Friday, April 13, 2012

Appreciation.... or lack of

     Kids these days..... what happened to them.  I know I was probably no angel as a child.... in fact I know wasn't.  It seems like most kids around here live up to the name "army brat"  This INCLUDES my kids.  They are polite, kind and well mannered when they want to be.  But, there are many times that I am shocked at some of the things that come out of their mouths.  Sometimes I wonder if they appreciate anything that they are given.
     This is something that I should be teaching them.  Where did I go wrong? Maybe to them they don't see me earning anything because I don't work other than at home.  I assume they dont think they are a job in itself.  Maybe it's because when the guys are gone it's so easy to give into your kids so that they will just be quiet and listen from time to time.  Maybe it's because I try to compensate for their dad being gone and not having family here with them, that I feel bad.

     I am in no way saying that my kids are bad kids.  They just don't understand that concept of enjoying what is around you.  I like to think this is a product of their culture and the way the world is today.  People always want want want, and when they get what they want, they want more or better.  Everything is like a worldwide competition.  We complain about money, cars, jobs, people...... can you really complain if you do the same things? I am not pointing fingers, I do this too.

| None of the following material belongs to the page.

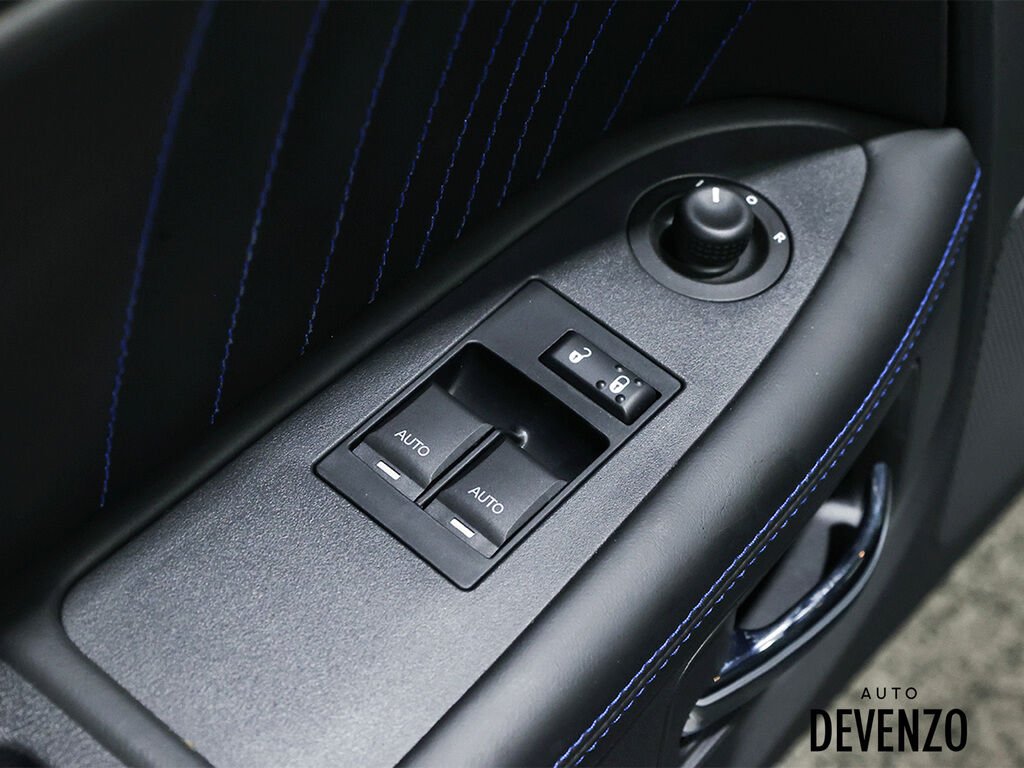 2014 Dodge Challenger White Saint-Eustache - photo #13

   This is not how I want my life to be lived, or something that I want my kids to continue.  So there is only one solution..... From now on this family is going to start appreciating and respecting what it has.  The things in our homes, the people in our lives, the weather, and anything else.  My kids are great with their manners so thats a good starting point.  From today on, things in this house will be earned.

  I have decided to get them each a piggy bank and when they do things they are asked to do to help out they can earn change that way.  They can buy their own toys and learn the value of money that way.  My kids may not know it, but the things that we have took us a long time to get, and I sometimes think that they need a better understanding of how the world really is.

   I know that I also complain a lot about people and things... money, and my health.... But I am going to try and not do that anymore.  We don't have to be the "army family" that people have labeled that life style to be with the :army Brats" in fact we are not going to be.

  I will start to find the beauty in things rather than the ugly things.  Appreciating people that appreciate me in return, taking advantage of the nice weather....

    It's easy to complain when you are a military family.  Complain about the clinics, the drs, the staff at places, the lack of things, the time it takes to get anything done, the deployments, the fact that you are alone to live life for a year, the way the army takes the people you got close to and moves them across the U.S, the commissary on payday, the distance between you and your family, the long hours your spouse works, blah blah blah.

  There are great things that you get to experience in this life and we are going to get to those things from now on.  I get to have my kids with me all the time, and watch them grow and learn and turn into little independent people.  I have the chance to go to school and learn and grow myself.  Nothing is greater than that really.  That is true beauty.